───── EXCERPTED DATA ─────

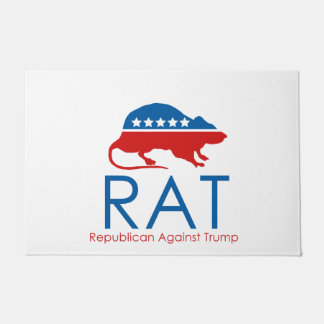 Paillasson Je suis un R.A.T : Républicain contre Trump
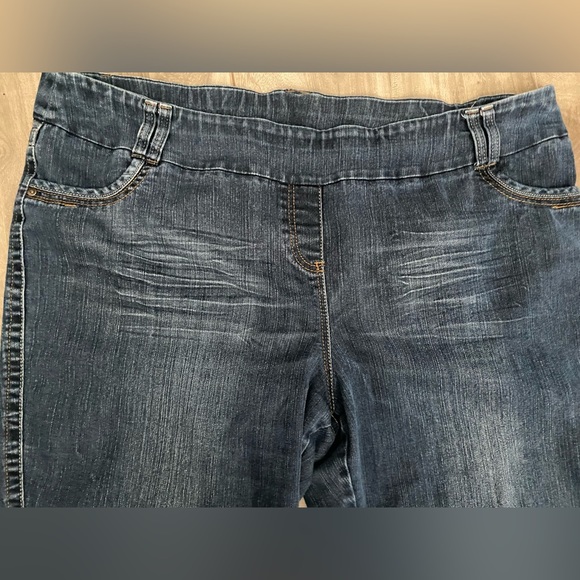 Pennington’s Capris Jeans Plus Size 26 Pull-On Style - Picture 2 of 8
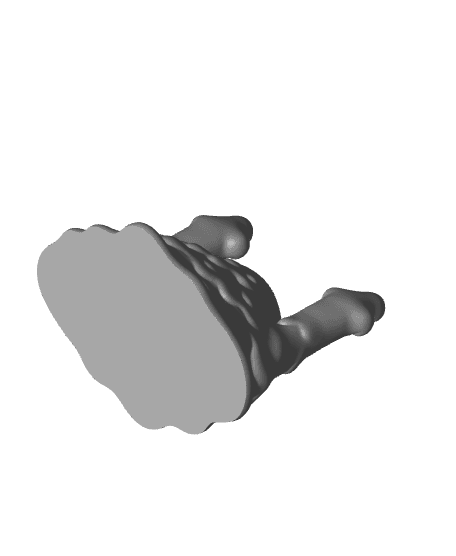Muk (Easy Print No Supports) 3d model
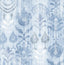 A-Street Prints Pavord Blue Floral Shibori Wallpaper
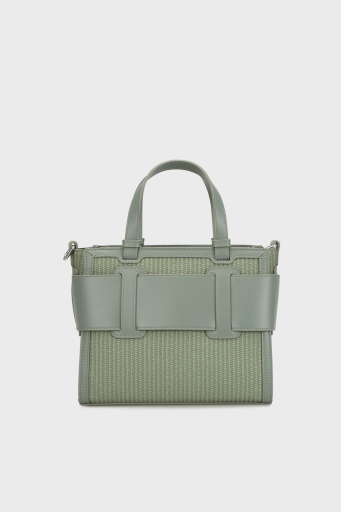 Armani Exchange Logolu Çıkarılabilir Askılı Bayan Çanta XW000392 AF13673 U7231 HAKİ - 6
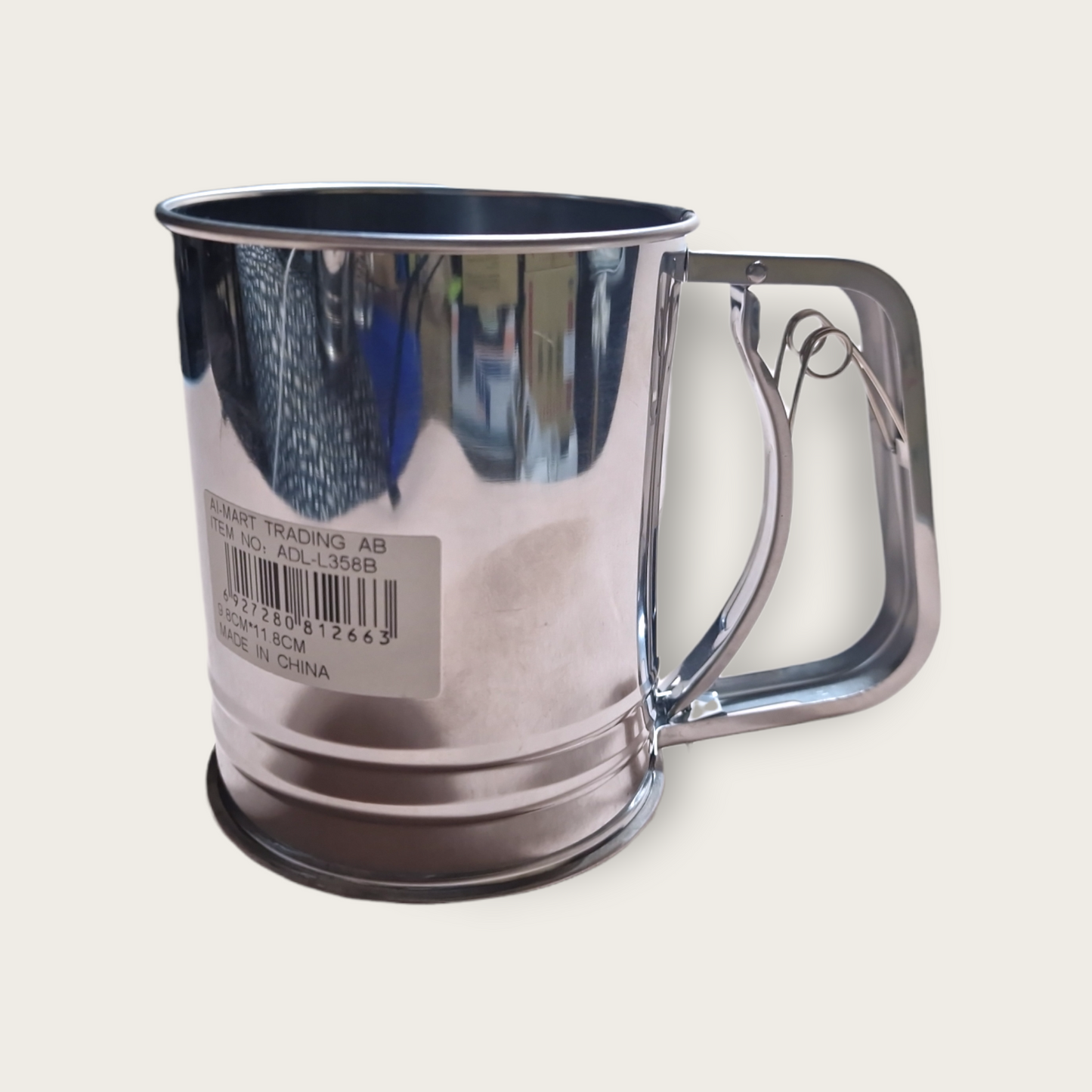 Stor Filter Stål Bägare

─────
───── EXCERPTED DATA ─────

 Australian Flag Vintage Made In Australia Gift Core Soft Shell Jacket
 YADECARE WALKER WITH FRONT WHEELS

─────

▸ ACTIVITY: Having found the line with "Paillasson Je suis" and the line with "Stor Filter Stål Bägare" in the material above, write out exactly those two and every line between, leaving the pictures out.

▸ ANSWER SECTION:
 Paillasson Je suis un R.A.T : Républicain contre Trump
 Pennington’s Capris Jeans Plus Size 26 Pull-On Style - Picture 2 of 8
Muk (Easy Print No Supports) 3d model
 A-Street Prints Pavord Blue Floral Shibori Wallpaper
 Armani Exchange Logolu Çıkarılabilir Askılı Bayan Çanta XW000392 AF13673 U7231 HAKİ - 6
 Stor Filter Stål Bägare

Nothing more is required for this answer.